Oliver Figge, Projektleiter der Studie der Arolsen Archives, spricht von einem anderen Blickwinkel der Jüngeren. „Die Generation stellt sehr schnell Bezüge zu ihrer Alltagsrealität her.“ Dabei spielen Rassismus und Ausgrenzung eine Rolle – ein Viertel der Generation hat Migrationshintergrund – sowie Verschwörungsmythen und Fake News.
„Da geht es nicht nur um eine historische Betrachtung oder die klassische Schuldfrage der Familie“, sagt Figge. „Fast 60 Prozent sagen, fast jeder von uns hat eigentlich rassistische Tendenzen, und damit müssen wir uns auseinandersetzen.“ Sie wehren sich aber gegen eine zu starke Vorab-Moralisierung.

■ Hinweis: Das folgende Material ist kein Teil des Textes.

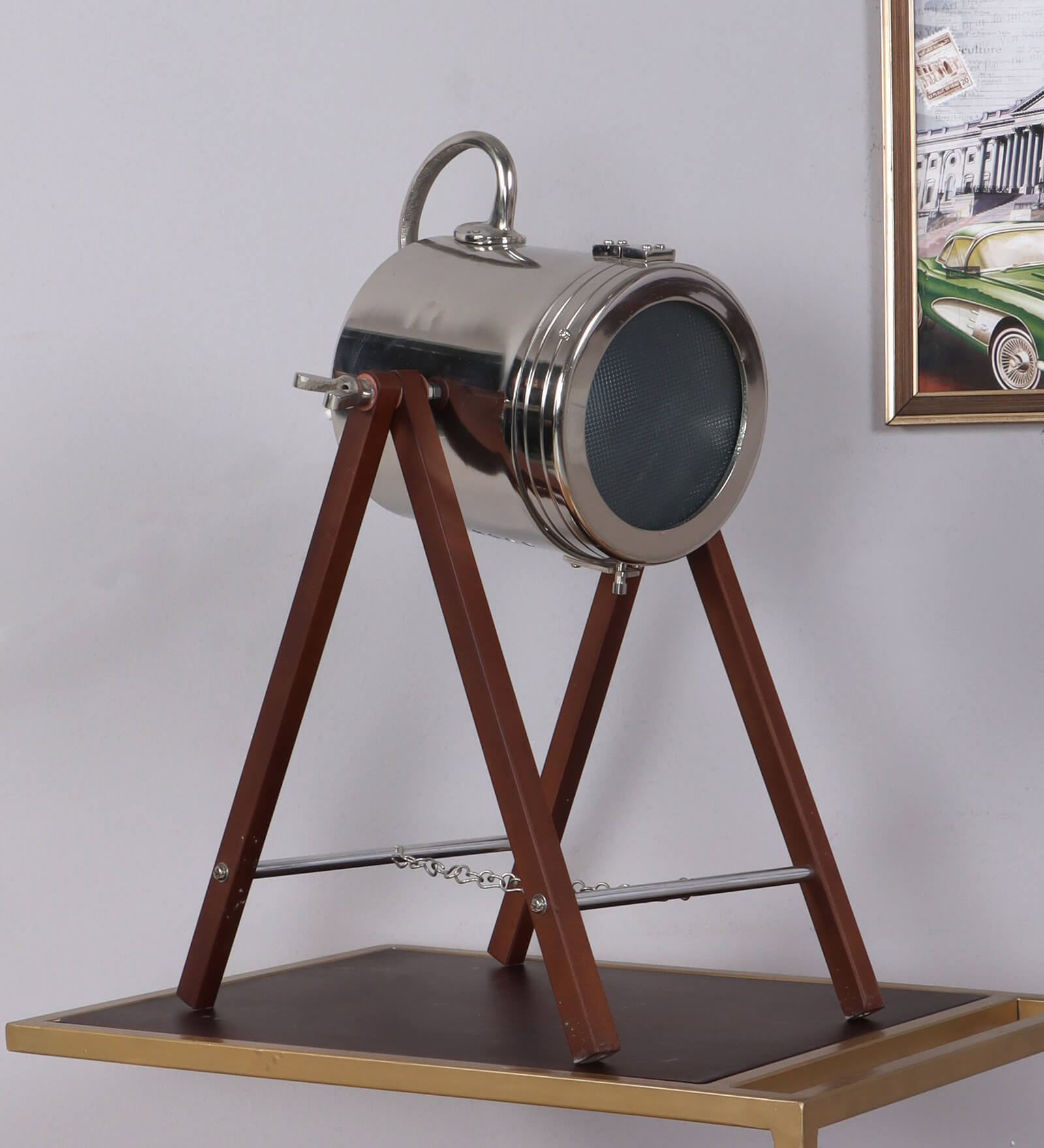 Walnut Mdf Study Lamp  (1 Piece)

Selber zu denken und nicht nur etwas vorgesetzt zu bekommen, das ist ein Kernpunkt der Studienergebnisse. Es geht also darum, eine Verknüpfung zum Alltag der jüngeren Generationen herzustellen, so Figge. Zudem gilt es, den Overload an Informationen einzuhegen und sie einfacher zugänglich zu machen – in Form von „Snackable Content“, so der Wunsch der Probanden.

Aufklärungskampagne auf TikTok

Wissen über die Verfolgung und Ermordung der Juden in der Zeit des Nationalsozialismus muss heute also auch über Social-Media-Kanäle vermittelt werden.
„In unserer Bildungsarbeit mit jungen Menschen ist für uns immer zentral, dass wir die Geschichte anknüpfen an die Gegenwart, an die Erfahrungen und die Lebenswelt der Jugendlichen. Antisemitismus, Rassismus und andere Formen der Menschenfeindlichkeit sind noch immer fester Teil der Gesellschaft. Die Erfahrungen, die Jugendliche damit machen, ernst zu nehmen, ermöglicht ihnen einen anderen Zugang zur Geschichte, als der bloße Blick in Schulbücher“, sagt die Direktorin der Frankfurter Bildungsstätte Anne Frank, Deborah Schnabel.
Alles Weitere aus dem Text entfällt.